3:51 am on Apr 1, 2006 (gmt 0)

10+ Year Member



A museum would be nice. Covered in a nice big bubble dome.

Marcia

7:52 am on Apr 1, 2006 (gmt 0)

WebmasterWorld Senior Member 10+ Year Member



Rather than a "sidewalk" model, which as far as I know has PR and buzz value (or used to back when Hollywood and Grauman's Chinese actually had some glamor appeal) but lacks any kind of a revenue model, what seems closer to realistic is something like the Rock 'n Roll Hall of Fame or the Country Music Hall of Fame that people are voted into for substantial contributions to their respective industries.

>>A museum would be nice.

There is the Hollywood Wax Museum, but what's compatible with one venue or industry might or might not be for another. It doesn't take much first hand exposure to the entertainment industry to be able to spot how "plastic" it is, and I think Silicon Valley doesn't really fall into that kind of designation, once we look past the VC hype. There are some very substantial people in tech and search - scholars and authors of white papers and innovators. That merits a different type of recognition than Hollywood's transitory glitz.

Content Writer

7:06 pm on Apr 1, 2006 (gmt 0)

10+ Year Member



When you think of...San Francisco...you remember something, there is something specific...Bay area doesn't have anything

...except that one city. Went there once. Charming. Lots of dot commers. Can't think of the name, though.
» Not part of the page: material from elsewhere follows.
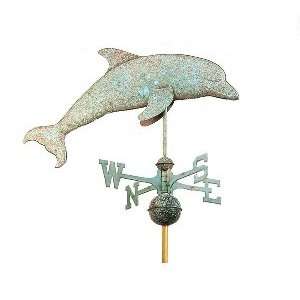  Good Directions Dolphin Full Size Weathervane Patio 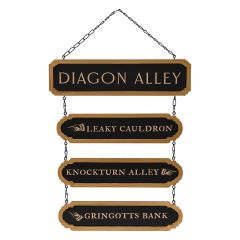Harry Potter - Diagon Alley Wall Decoration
Of course, promoting SF doesn't really help San Jose, they've gotta come up with their own thing, capitalize on the tech revolution, which spilled over into SF.

But silicon valley sucks. It's just a bunch of office parks and bad vibes. That's why it's hilarious when I get to write tourism copy about the area:

"Discover the bustling metropolis of San Jose, the airport, um, the buildings..." it's horrible! It's suburbia, not a destination. I never go there except under duress. (Work, conference, hub of transportation). So, if they can change that, then great :)

monkeythumpa

4:22 am on Apr 3, 2006 (gmt 0)

10+ Year Member



>>A museum would be nice.

[thetech.org...]

If you have never been . . . it is worth a trip.